### Assignment
Repeat the records in full. No pictures belong in the copy.

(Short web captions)
==========

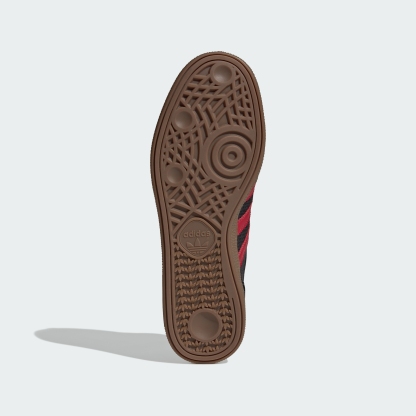 adidas HANDBALL SPEZIAL SHOES - Core Black / Team Victory Red / Gum - View 5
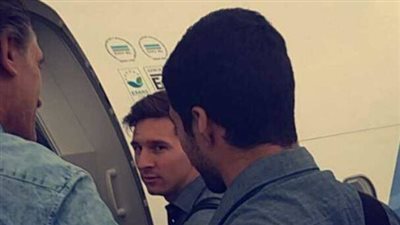 «ميسي» يرافق بعثة برشلونة إلى مدريد لخوض الكلاسيكو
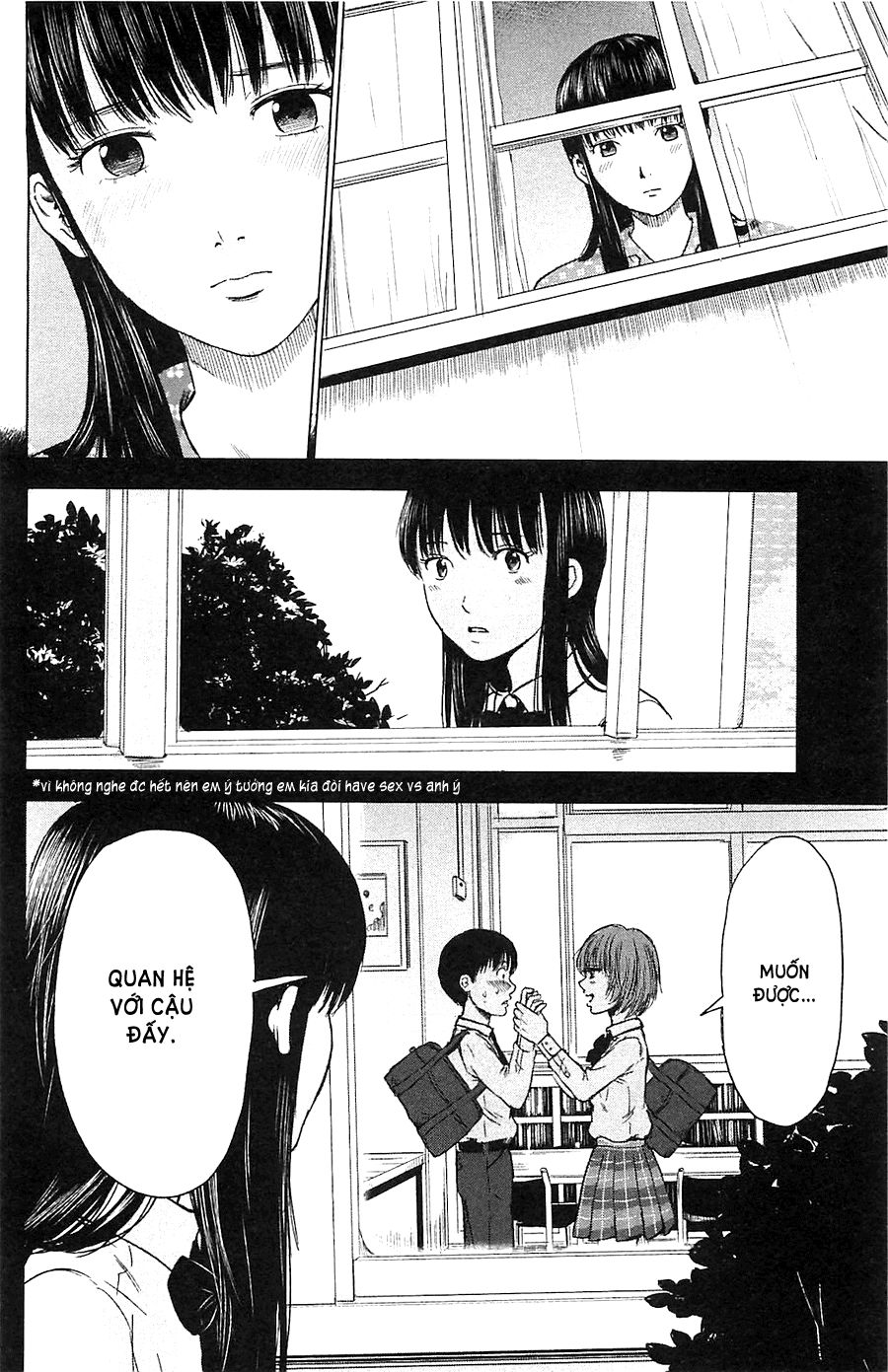 Aku No Hana Chapter 11 - Trang 2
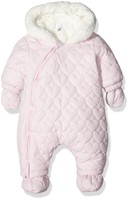 Absorba Baby Girls' Pilote Snowsuit Red (peach) 6 Months Absorba Baby Girls' Pilote Snowsuit Red (peach) 6 Months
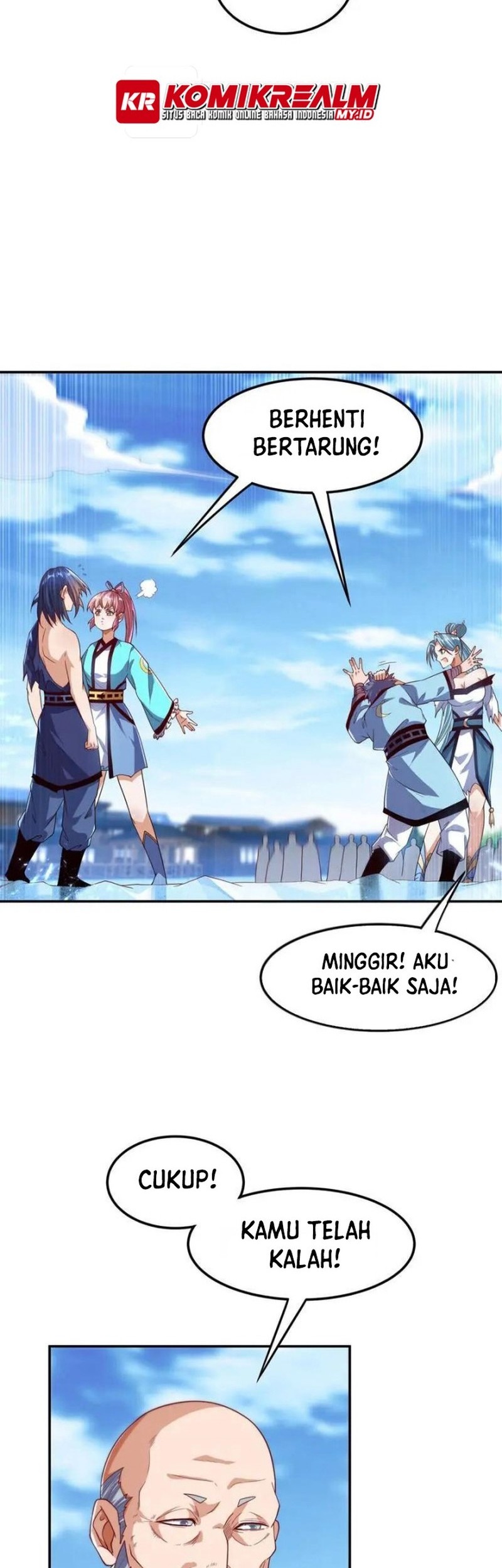 The Live Chapter 32 - halaman 2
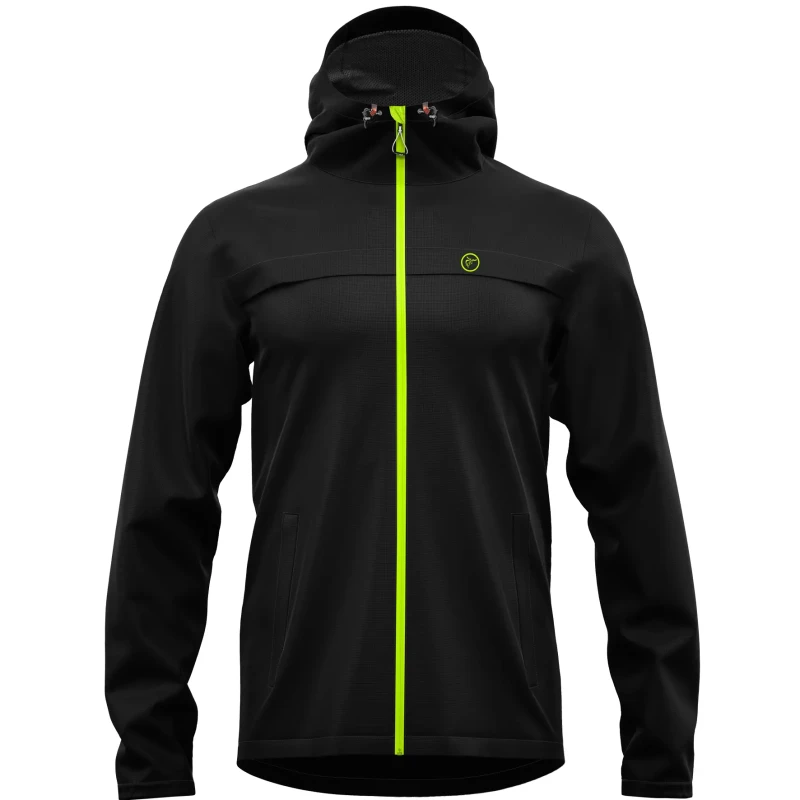 Image of Waterproof jacket Redelk Agua Noir Unisex M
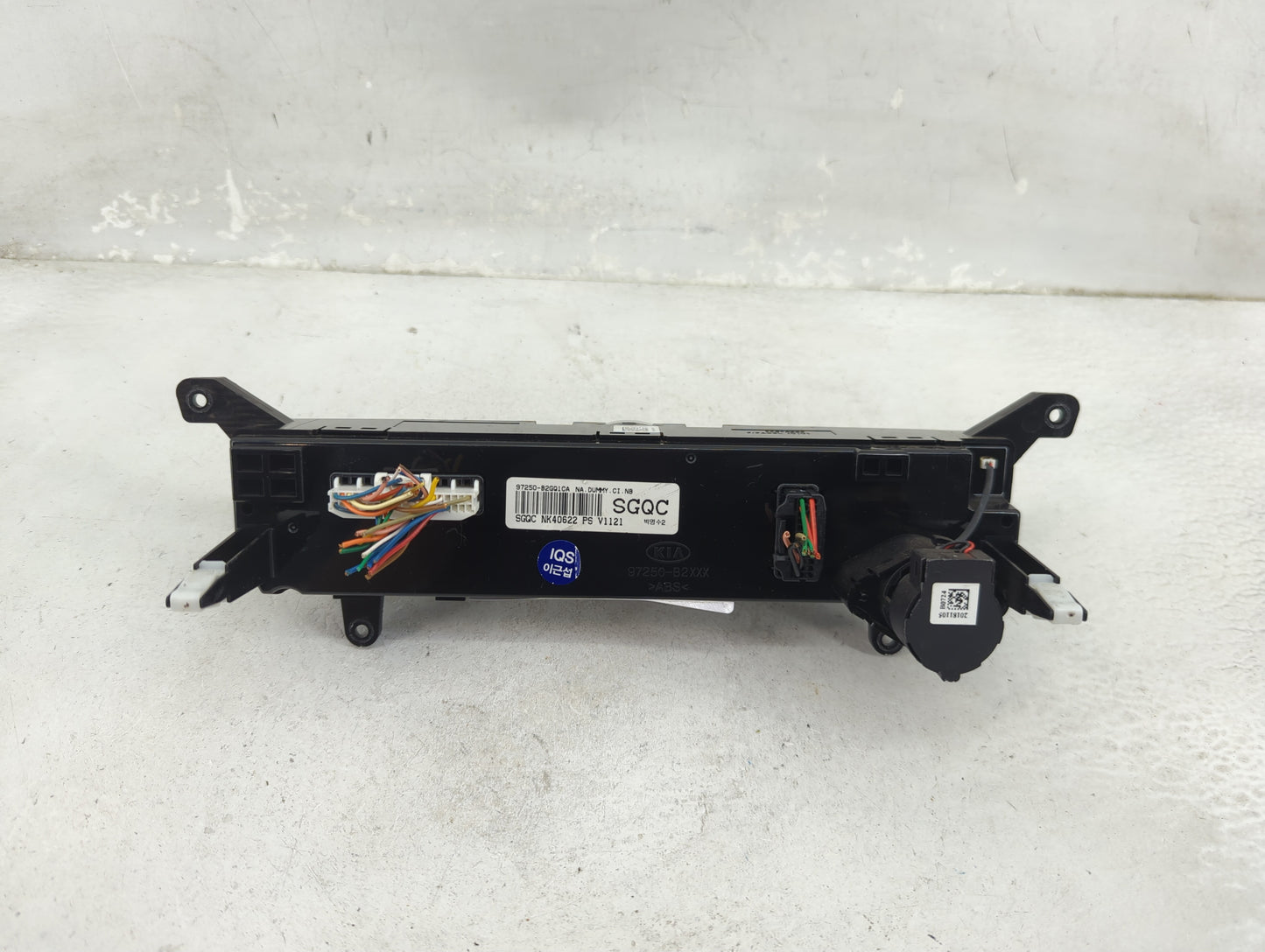 2017-2019 Kia Soul Climate Control Module Temperature AC/Heater Replacement P/N:97250-B2GQ1CA Fits Fits 2017 2018 2019 OEM U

==========

### Answer area
 adidas HANDBALL SPEZIAL SHOES - Core Black / Team Victory Red / Gum - View 5
 «ميسي» يرافق بعثة برشلونة إلى مدريد لخوض الكلاسيكو
 Aku No Hana Chapter 11 - Trang 2
 Absorba Baby Girls' Pilote Snowsuit Red (peach) 6 Months Absorba Baby Girls' Pilote Snowsuit Red (peach) 6 Months
 The Live Chapter 32 - halaman 2
 Image of Waterproof jacket Redelk Agua Noir Unisex M
 2017-2019 Kia Soul Climate Control Module Temperature AC/Heater Replacement P/N:97250-B2GQ1CA Fits Fits 2017 2018 2019 OEM U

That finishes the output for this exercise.